■ **WHAT IS EXPECTED**:
Quote every line from the top of the listing down to and including the line that contains "Mission et colonisation".

■ **RECORDS SUPPLIED**:
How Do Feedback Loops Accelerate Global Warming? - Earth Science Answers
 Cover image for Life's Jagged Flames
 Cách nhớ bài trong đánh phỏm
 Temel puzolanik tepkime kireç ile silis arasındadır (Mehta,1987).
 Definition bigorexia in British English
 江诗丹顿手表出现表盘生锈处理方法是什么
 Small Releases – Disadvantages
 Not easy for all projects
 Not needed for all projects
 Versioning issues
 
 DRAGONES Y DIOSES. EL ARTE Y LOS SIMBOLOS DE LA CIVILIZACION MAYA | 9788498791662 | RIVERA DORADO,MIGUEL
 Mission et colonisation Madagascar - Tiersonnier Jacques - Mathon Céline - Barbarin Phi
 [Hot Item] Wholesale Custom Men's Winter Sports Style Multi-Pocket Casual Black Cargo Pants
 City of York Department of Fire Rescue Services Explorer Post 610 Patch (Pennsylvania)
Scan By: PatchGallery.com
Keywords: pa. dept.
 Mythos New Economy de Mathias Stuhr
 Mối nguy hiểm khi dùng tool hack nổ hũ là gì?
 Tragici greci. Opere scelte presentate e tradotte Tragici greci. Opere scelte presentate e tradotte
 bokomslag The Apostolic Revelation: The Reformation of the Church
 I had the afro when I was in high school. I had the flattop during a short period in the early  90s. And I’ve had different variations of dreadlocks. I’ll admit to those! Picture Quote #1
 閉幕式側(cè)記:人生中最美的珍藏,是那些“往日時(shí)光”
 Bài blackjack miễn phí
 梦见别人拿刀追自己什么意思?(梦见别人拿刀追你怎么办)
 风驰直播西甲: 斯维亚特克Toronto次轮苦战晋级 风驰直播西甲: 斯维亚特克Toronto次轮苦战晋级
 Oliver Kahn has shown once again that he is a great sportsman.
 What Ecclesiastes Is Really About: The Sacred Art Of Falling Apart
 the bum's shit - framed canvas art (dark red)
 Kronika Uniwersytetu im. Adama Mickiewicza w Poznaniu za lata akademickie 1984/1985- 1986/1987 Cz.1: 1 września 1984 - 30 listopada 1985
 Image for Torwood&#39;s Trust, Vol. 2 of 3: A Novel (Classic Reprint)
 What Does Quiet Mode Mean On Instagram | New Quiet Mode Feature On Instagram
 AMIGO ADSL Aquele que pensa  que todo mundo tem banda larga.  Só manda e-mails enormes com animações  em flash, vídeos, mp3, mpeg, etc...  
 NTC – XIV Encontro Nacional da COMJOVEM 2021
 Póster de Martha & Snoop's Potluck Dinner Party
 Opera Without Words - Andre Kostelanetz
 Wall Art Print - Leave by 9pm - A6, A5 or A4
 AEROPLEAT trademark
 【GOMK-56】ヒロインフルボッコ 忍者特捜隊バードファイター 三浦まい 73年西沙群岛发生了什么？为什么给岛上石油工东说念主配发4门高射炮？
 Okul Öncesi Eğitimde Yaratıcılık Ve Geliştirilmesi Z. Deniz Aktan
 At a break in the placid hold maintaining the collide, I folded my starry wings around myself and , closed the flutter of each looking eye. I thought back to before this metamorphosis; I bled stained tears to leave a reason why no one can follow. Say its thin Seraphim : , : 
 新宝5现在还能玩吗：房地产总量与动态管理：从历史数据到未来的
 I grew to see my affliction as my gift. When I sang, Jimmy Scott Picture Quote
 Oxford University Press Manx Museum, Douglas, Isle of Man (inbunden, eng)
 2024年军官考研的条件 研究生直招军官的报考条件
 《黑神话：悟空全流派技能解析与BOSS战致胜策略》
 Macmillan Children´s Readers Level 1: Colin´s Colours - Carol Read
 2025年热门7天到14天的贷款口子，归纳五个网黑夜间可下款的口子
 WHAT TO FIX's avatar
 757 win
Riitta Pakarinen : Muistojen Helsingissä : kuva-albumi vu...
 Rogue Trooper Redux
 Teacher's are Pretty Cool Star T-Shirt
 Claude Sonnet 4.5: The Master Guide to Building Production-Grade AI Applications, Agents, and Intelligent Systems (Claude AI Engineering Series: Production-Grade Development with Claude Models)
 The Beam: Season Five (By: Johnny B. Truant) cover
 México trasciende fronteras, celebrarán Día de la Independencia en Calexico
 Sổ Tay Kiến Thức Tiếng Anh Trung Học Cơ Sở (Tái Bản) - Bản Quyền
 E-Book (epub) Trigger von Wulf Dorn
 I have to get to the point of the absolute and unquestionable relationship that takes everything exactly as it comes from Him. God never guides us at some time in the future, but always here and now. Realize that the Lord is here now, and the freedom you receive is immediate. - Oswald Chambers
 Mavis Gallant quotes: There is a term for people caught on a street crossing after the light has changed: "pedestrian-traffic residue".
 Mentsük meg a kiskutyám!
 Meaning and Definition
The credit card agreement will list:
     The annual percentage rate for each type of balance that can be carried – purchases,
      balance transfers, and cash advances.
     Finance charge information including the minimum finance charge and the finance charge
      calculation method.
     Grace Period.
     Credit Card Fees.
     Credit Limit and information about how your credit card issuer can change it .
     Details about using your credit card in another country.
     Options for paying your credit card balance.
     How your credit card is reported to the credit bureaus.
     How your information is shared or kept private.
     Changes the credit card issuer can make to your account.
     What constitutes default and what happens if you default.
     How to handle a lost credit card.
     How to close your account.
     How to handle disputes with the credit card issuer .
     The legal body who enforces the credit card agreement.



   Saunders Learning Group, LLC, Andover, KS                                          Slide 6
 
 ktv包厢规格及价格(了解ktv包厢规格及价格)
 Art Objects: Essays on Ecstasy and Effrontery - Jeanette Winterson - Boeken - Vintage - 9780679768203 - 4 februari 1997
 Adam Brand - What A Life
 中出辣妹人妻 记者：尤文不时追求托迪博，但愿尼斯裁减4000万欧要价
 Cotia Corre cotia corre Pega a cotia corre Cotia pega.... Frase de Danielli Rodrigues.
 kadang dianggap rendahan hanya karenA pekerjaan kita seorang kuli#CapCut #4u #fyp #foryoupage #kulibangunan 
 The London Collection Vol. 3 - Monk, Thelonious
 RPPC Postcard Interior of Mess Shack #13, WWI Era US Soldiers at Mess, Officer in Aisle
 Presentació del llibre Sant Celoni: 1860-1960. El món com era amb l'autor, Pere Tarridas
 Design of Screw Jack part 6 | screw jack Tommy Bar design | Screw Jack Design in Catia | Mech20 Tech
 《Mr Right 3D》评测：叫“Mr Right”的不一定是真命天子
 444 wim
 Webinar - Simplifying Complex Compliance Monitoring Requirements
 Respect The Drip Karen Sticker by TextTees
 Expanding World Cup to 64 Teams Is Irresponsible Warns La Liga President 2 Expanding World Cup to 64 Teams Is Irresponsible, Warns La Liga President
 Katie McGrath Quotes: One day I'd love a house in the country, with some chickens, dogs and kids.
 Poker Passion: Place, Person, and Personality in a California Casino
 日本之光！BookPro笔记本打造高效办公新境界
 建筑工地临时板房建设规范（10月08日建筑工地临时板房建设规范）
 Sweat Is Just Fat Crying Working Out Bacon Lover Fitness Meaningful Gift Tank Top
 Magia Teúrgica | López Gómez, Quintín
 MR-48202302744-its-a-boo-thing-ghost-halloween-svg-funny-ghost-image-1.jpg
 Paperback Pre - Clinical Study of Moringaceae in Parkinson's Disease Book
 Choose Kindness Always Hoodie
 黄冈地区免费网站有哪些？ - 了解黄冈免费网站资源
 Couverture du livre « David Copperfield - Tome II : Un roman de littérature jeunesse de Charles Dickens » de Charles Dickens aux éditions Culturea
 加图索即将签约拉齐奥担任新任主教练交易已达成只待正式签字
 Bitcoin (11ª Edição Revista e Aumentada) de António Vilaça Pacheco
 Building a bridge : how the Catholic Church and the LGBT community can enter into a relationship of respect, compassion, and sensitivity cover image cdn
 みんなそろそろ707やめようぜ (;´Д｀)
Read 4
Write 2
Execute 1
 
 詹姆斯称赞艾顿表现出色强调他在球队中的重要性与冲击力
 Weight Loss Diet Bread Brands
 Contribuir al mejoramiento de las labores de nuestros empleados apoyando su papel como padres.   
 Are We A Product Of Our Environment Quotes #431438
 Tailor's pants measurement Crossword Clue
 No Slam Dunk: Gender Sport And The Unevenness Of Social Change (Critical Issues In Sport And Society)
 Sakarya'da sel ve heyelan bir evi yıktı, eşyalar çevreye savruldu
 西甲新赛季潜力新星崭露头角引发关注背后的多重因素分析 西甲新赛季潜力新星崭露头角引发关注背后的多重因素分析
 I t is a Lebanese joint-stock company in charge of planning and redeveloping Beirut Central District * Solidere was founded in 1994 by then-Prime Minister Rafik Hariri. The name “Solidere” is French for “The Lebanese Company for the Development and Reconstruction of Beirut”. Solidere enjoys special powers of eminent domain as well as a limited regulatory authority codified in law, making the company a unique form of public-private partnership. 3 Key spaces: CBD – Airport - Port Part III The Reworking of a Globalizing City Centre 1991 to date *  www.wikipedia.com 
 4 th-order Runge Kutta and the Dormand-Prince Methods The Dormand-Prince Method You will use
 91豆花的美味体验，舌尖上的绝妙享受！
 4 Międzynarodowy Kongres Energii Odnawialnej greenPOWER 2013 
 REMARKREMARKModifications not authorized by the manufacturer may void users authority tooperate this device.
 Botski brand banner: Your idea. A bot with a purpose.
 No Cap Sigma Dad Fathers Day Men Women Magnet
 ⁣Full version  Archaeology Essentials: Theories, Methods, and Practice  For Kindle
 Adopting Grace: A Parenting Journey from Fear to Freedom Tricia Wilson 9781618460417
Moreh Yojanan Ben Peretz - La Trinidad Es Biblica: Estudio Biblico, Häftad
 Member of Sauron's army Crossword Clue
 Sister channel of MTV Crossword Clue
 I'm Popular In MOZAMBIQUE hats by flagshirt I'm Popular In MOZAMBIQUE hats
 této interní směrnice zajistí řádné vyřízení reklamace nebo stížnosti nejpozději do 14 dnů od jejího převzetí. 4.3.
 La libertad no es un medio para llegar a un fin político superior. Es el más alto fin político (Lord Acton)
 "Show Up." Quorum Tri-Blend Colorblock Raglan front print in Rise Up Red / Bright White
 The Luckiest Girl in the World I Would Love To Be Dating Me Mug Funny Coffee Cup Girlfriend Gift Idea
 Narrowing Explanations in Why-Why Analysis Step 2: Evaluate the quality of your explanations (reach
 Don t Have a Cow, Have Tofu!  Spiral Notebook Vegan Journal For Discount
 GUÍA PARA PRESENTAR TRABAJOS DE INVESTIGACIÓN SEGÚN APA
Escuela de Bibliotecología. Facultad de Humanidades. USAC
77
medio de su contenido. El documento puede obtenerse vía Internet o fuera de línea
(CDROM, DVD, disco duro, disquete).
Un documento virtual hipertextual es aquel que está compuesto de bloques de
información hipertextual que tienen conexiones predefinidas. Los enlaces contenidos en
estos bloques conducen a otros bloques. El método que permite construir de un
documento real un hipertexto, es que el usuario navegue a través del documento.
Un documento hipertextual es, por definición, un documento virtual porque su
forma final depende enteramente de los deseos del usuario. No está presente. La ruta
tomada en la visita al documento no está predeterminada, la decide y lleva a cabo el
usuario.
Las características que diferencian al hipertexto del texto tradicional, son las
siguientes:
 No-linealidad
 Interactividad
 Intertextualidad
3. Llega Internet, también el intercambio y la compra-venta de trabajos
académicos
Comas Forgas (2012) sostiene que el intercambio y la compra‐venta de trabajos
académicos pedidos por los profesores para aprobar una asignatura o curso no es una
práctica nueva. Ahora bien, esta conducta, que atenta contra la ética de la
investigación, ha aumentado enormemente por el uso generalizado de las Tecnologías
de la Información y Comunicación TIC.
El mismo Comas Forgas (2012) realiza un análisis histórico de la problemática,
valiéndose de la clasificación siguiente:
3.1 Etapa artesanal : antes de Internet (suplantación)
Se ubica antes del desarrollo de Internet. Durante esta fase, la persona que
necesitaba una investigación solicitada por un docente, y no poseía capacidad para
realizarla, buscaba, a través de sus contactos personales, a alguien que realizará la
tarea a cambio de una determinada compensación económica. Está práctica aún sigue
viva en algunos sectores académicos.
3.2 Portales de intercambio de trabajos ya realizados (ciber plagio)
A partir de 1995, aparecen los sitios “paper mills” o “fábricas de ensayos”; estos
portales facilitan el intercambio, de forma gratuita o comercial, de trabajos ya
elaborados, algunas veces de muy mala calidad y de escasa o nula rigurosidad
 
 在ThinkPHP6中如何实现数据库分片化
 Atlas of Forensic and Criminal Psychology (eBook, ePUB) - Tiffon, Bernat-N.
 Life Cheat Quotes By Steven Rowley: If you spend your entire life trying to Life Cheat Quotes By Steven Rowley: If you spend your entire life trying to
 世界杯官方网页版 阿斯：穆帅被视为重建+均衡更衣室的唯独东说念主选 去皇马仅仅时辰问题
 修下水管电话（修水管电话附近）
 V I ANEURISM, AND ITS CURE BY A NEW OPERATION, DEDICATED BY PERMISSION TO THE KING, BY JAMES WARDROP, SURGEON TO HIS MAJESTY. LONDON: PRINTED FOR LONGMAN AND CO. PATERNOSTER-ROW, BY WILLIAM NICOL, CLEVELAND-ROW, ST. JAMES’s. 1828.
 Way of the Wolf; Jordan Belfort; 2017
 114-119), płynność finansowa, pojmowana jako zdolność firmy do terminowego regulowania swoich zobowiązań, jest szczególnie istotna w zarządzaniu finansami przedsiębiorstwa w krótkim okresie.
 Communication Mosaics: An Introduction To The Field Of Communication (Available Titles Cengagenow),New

■ **YOUR RESPONSE**:
How Do Feedback Loops Accelerate Global Warming? - Earth Science Answers
 Cover image for Life's Jagged Flames
 Cách nhớ bài trong đánh phỏm
 Temel puzolanik tepkime kireç ile silis arasındadır (Mehta,1987).
 Definition bigorexia in British English
 江诗丹顿手表出现表盘生锈处理方法是什么
 Small Releases – Disadvantages
 Not easy for all projects
 Not needed for all projects
 Versioning issues
 
 DRAGONES Y DIOSES. EL ARTE Y LOS SIMBOLOS DE LA CIVILIZACION MAYA | 9788498791662 | RIVERA DORADO,MIGUEL
 Mission et colonisation Madagascar - Tiersonnier Jacques - Mathon Céline - Barbarin Phi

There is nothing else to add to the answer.